ほかにも、顔が描かれたひょうたん、「これいったい何の景色?」と思わず首をひねるカスハガ(観光地で売っている絵はがきの中に強引に挿入された、何ひとつ見所のない一枚)、京都タワーや大文字山が編みこまれた掛け軸など、すっかり忘れていた、そしてこのまま忘れていたかった思い出が呼びおこされます。

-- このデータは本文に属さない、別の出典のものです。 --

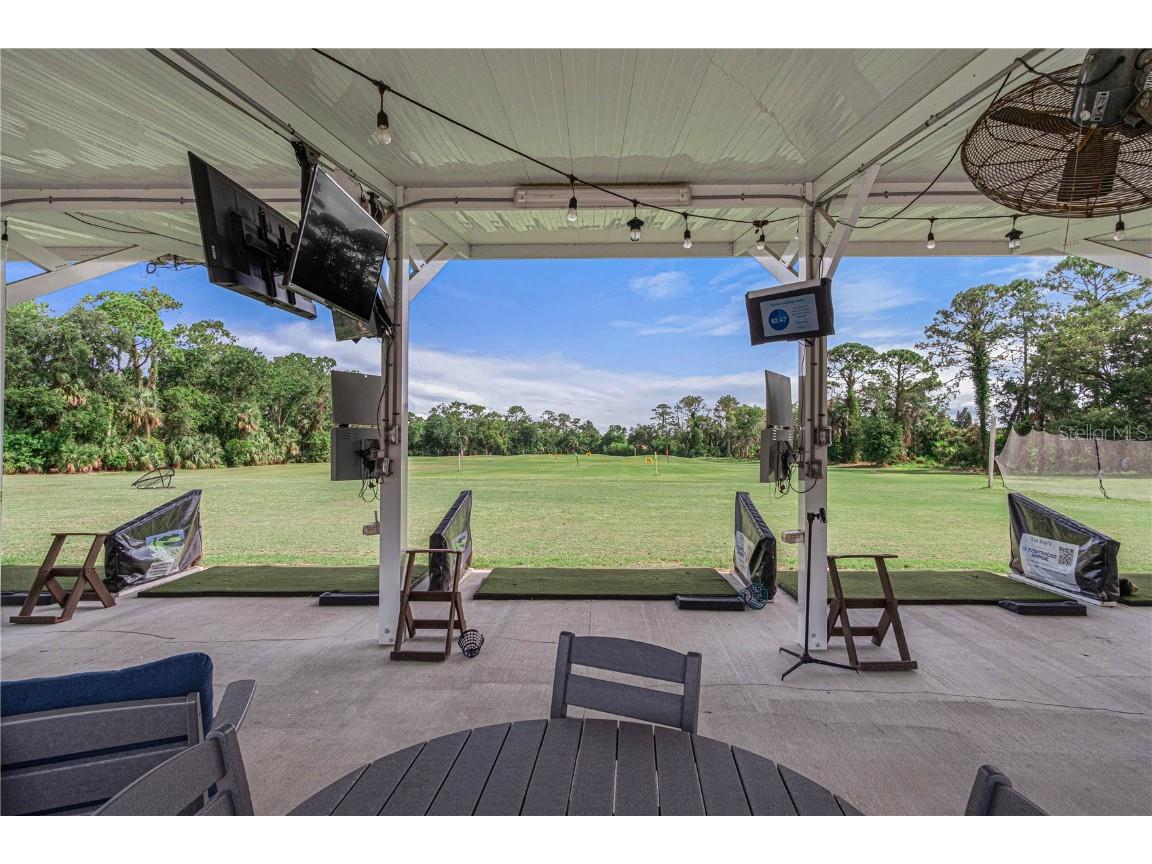 1834 Turnbull Lakes Drive New Smyrna Beach FL 32168 NS1085364 image32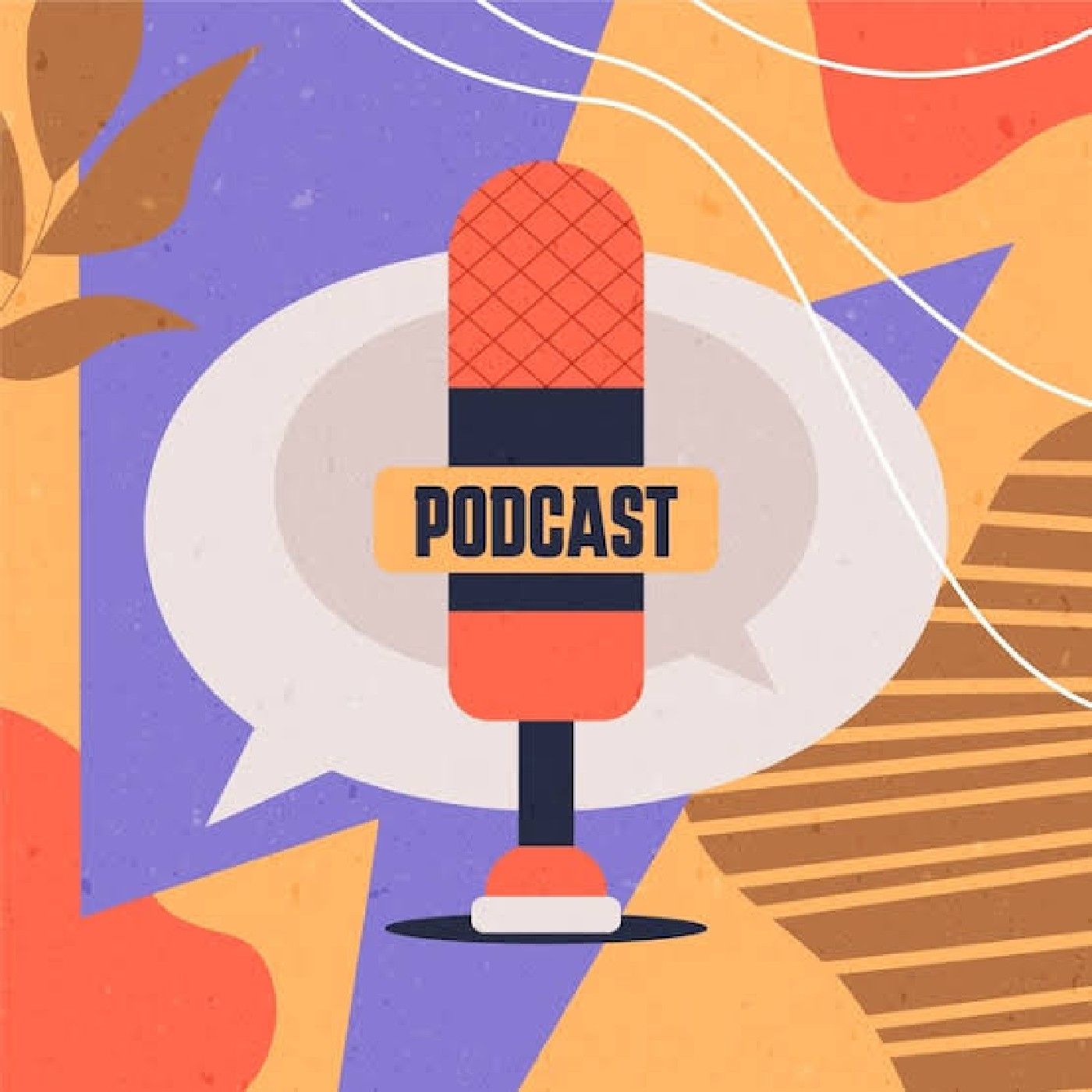 INNOVACIÓN EDUCATIVA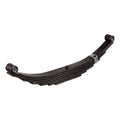 LIPPERT COMP SPRING - ML - DE - 4000LB - 26 EYE [2021095282]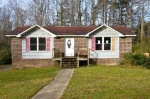 5056 Oak Leaf Cir Adamsville, AL 35005 - Image 2740419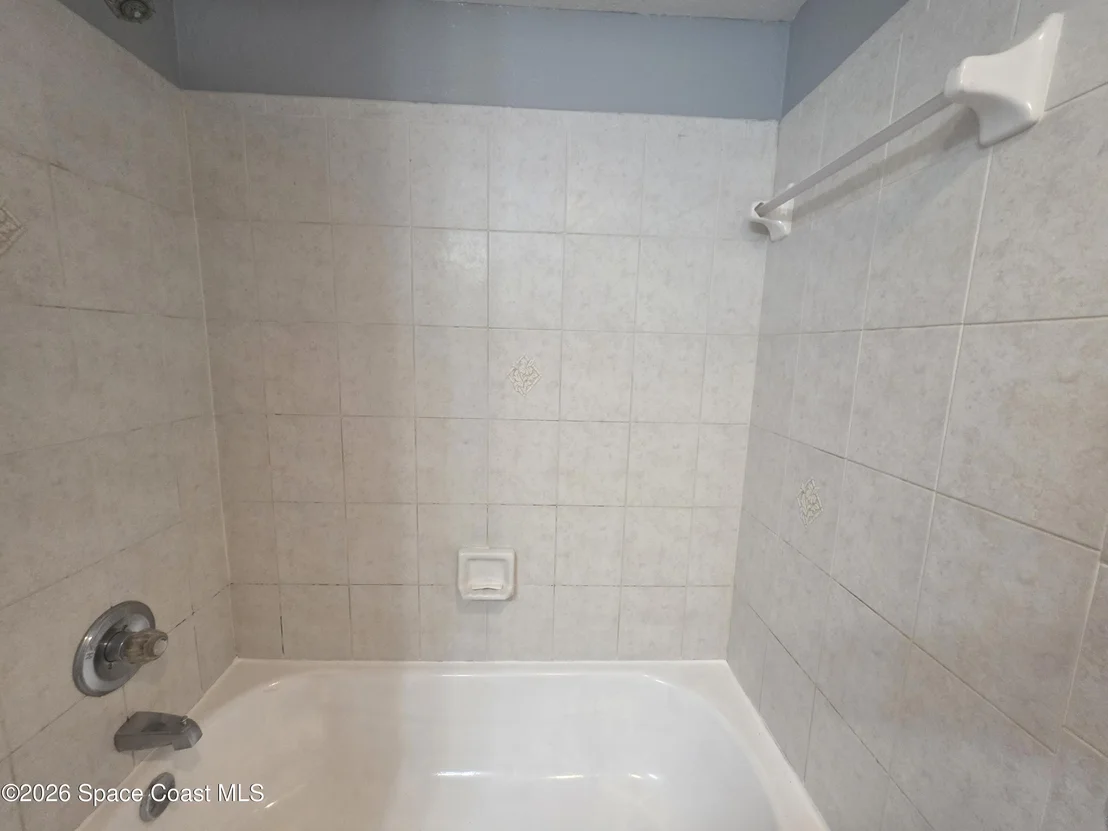 Photo of 1631 Albert Drive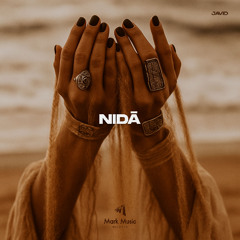 Javid - Nidā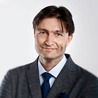 Jari Koljonen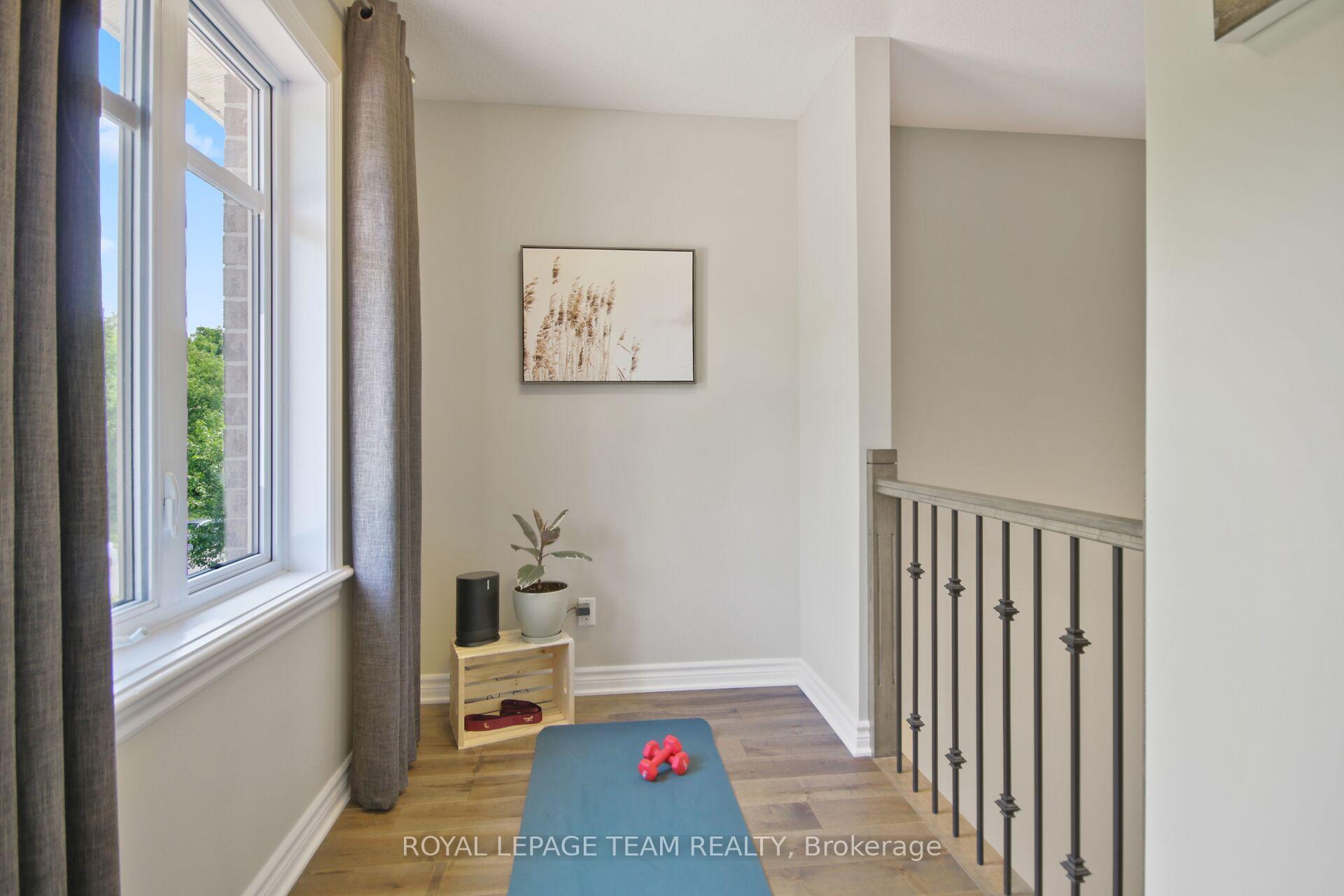 Photo 22 of 254 Celtic Ridge Crescent, Ottawa, Kanata - Morgan's Grant/South March — HOMEH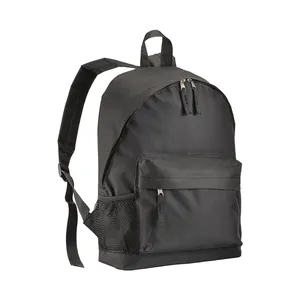 Zaino Personalizzato in Poliestere 600D 13101 per Promozioni - Product Image 3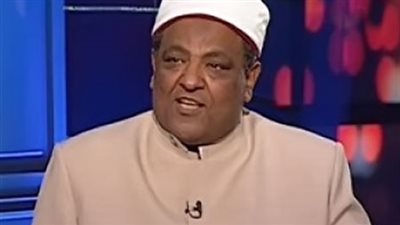 مؤتمر صحفي بمشيخة الأزهر للإعلان عن إعادة إعمار دور العبادة.. غدا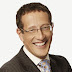 CNN Host Richard Quest Finally Acknowledges That He Is Gay
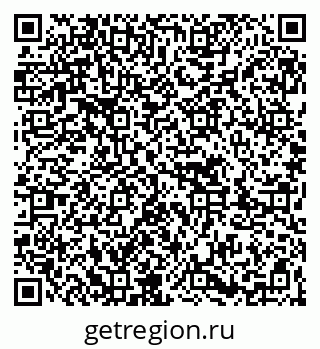 79263617360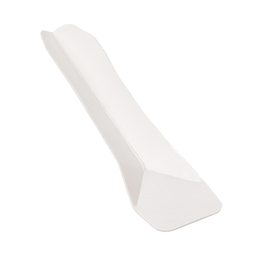 Paletta Gelato Carta cm. 9,4 - 450 pezzi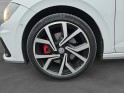 Volkswagen polo gti 2.0 tsi 200 ss dsg6 occasion simplicicar lagny  simplicicar simplicibike france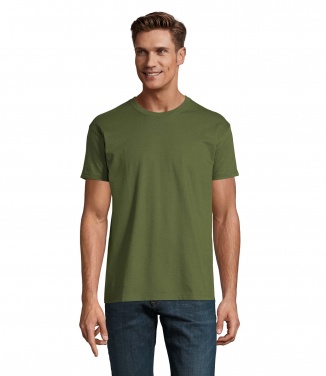 Логотрейд бизнес-подарки картинка: IMPERIAL MEN T-Shirt 190g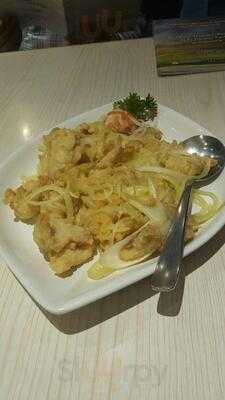 Red Bean-puri Indah Mall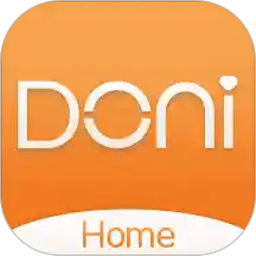 DoniHome(ɨػ)v1.0.6 ׿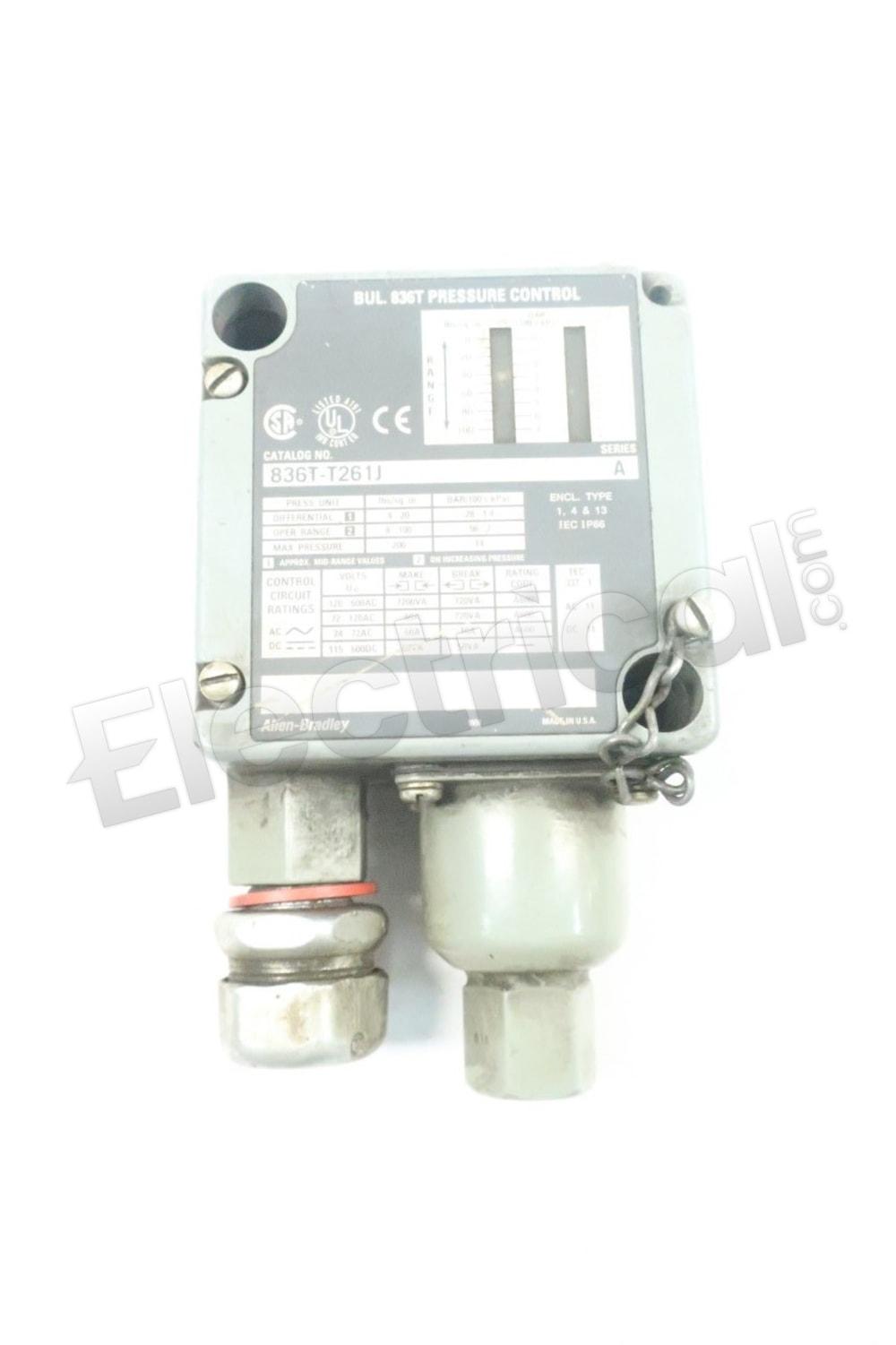 836T-T261J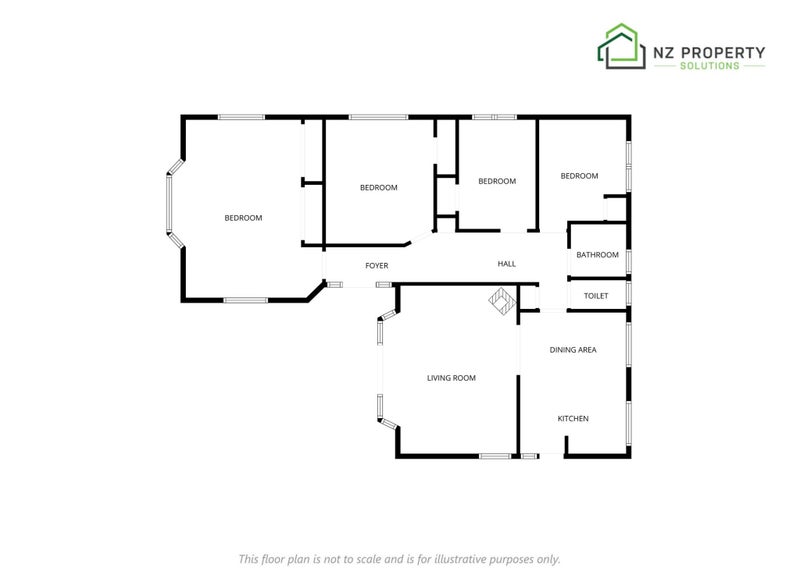 19 Herron Street, Brockville, Dunedin - Carousel 35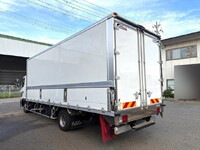 HINO Ranger Refrigerator & Freezer Wing 2KG-FD2ABA 2021 264,690km_6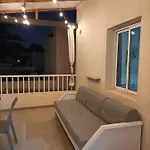 Appartement Calima *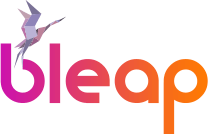 Bleap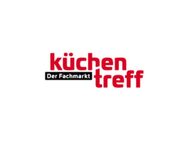 Küchenfachverkäufer (m/w/d) | drzhp6 - Delmenhorst
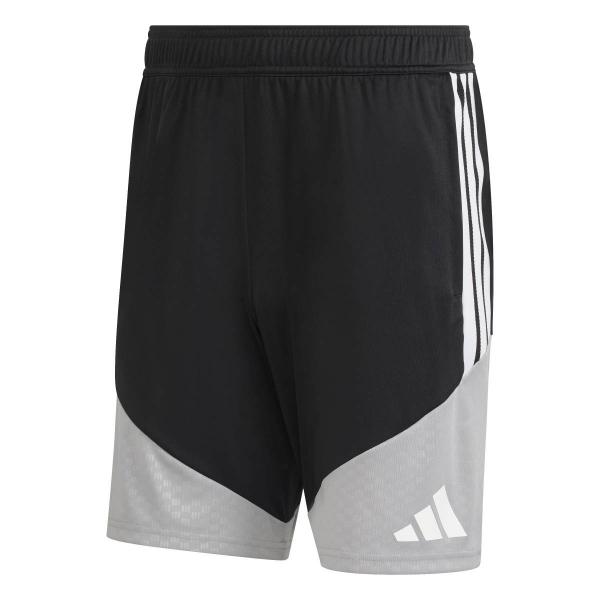adidas Trainingsshort TIRO 26 COMPETITION schwarz/light onix | 116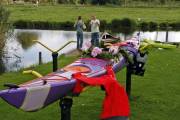 MG_8688-KK-min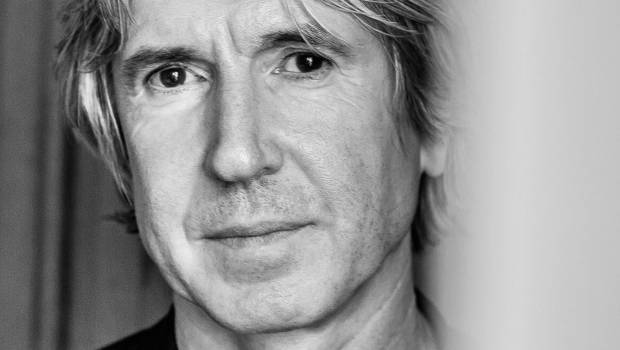 [Exclu] Michel Desvigne :  Il y a une grande noblesse dans le béton !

こちらのサイトでも語られていますが、そう、こういったものは意外に高かったり、かさばったりするので、みやげもの屋で目にすると
「誰が買うねん?」と、かならず疑問を抱いてしまうのですが、

買うのももらうのも困るし、
高いし重いし、まぁ、言ってみれば
「嫌なことばっかり」のものを、
勇気を出して買うんです。

とのこと。編集者の都築響一さんによる『だれも買わない本は、だれかが買わなきゃならないんだ』という本がありますが、その精神(スピリット)がなにより大事なんだなと、あらためて思いました。

そう、「マイ遺品展」でなにより心に残ったのは、“いやげもの”のキッチュなおもしろさよりも(もちろんそれだけでも見ごたえあるのですが)、そのスピリット。それがいちばんよく表れていたのが、小学生の頃からずっと自分で作っていた雑誌やスクラップブックでした。

誰に頼まれてもいないのに、自分で自分に締切を設定してマンガを描いて文章を綴り、せっせと雑誌を発行する……
「忙しくて、勉強なんてしてる暇がない!」と本人もキャプションをつけていましたが、たしかにそりゃ忙しいだろうと心底納得させられました。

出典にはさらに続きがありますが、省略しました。